In this notebook, I am using __[Sentiment140](http://help.sentiment140.com/for-students)__. It contains two labeled data:
* data of __1.6 Million Tweets__ to be used as __train,validation,test split data__
* data of __498 Tweets__ to be used as another fresh __test data__

Data dictionary are as follows:

* __target__: the polarity of the tweet (0 = negative, 2 = neutral, 4 = positive)
* __ids__: The id of the tweet (2087)
* __date__: the date of the tweet (Sat May 16 23:58:44 UTC 2009)
* __flag__: The query (lyx). If there is no query, then this value is NO_QUERY.
* __user__: the user that tweeted (robotickilldozr)
* __text__: the text of the tweet (Lyx is cool)

__NOTE__: The training data isn't perfectly categorised as it has been created by tagging the text according to the emoji present.
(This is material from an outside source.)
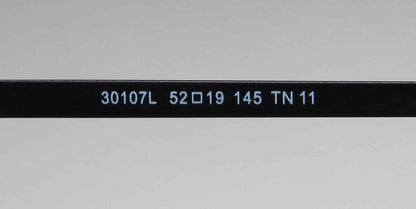 Lightec 30107l Eyeglasses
So, any model built using this dataset may have lower than expected accuracy, since the dataset isn't perfectly categorised.

In [None]:
col_names =  ['target', 'id', 'date', 'flag','user','text']

df = pd.read_csv('./data/sentiment140data/training_data.csv', encoding = "ISO-8859-1", names=col_names)

print(colored('DATA','blue',attrs=['bold']))
display(df.head())

Let us explore the data for better understanding.

In [None]:
profile = ProfileReport(df, title='Pandas Profiling Report', explorative=True)
profile

We will be requiring only __target__ and __text__ columns. As observed from the above report, we have only __positive (4)__ and __negative (0)__ sentiment. We will replace 4 as 1 for convenience. 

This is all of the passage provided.